It had been Roe's job. It had been his job to save Muck and Penkala. It had been his job to get to that foxhole and pull them out. But he hadn't. He had failed. He didn't even fucking know until the chaos had died down. And by then, Luz and Lipton had known, if not more. Christ, Luz had seen them blow up. If there had been anything to see. It was sudden – the explosion of a bomb. Or a grenade. Fireworks. Roe imagined what it had been like. One second they were there, yelling at Luz to hurry, and the next moment, they were gone in an uproar of ice and dirt. And that was all. A little burnt up cross remained and not even their fucking dog tags. Roe was glad there wasn't any flesh to mourn over. He didn't know if he could take that. He knew Malarkey couldn't have. Maybe none of them could.

It would almost be like Toye and Guarnere. But at least those two had lived. Roe still couldn't decide which had been worse – Toye with half his leg blown off and lying next to him in the snow, or Guarnere, sitting there with the leftover flesh quivering over the exposed bone in his leg. Fuck, the least the Germans could do was make a clean cut. Roe hadn't known what to do then. Not at first. He just froze, like Luz, like any man would have. But only for a moment. Because he was Doc Roe. And he couldn't afford shock. He couldn't afford anything.

"…to be loved as to love…" Oh, God, to be loved. Who in the world loved him? His parents were dead; he had no lover or wife, no children, no siblings. His grandmother was dead too. He had no one in the world but these men, and even they were separated from him. He had done that. He had no choice. It was silent law.

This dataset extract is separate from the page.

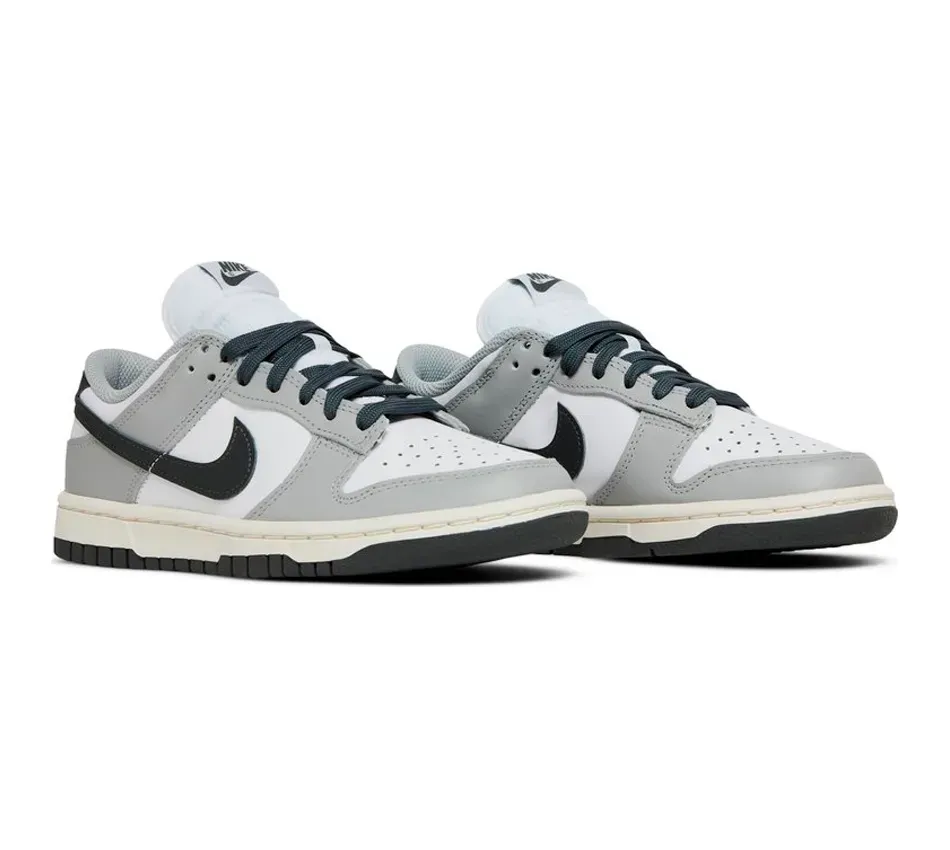 Dunk Low Light Smoke Grey фото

But just for a moment, he wanted someone to hold him. Just for a moment, he wanted someone to touch him. He wanted someone to make him feel. He wanted someone to make him alive. He wanted to be human again. And he wanted to love. His heart had frozen over like this damn Belgian forest. He didn't know what it felt like anymore. And even if it hurt, he wanted it. It couldn't hurt more than this, more than emptiness. And he wished that he could seduce all this pain into dormancy with morphine. But even if he couldn't, he could bear it. Just so long as someone made him warm again. He had forgotten what that felt like too.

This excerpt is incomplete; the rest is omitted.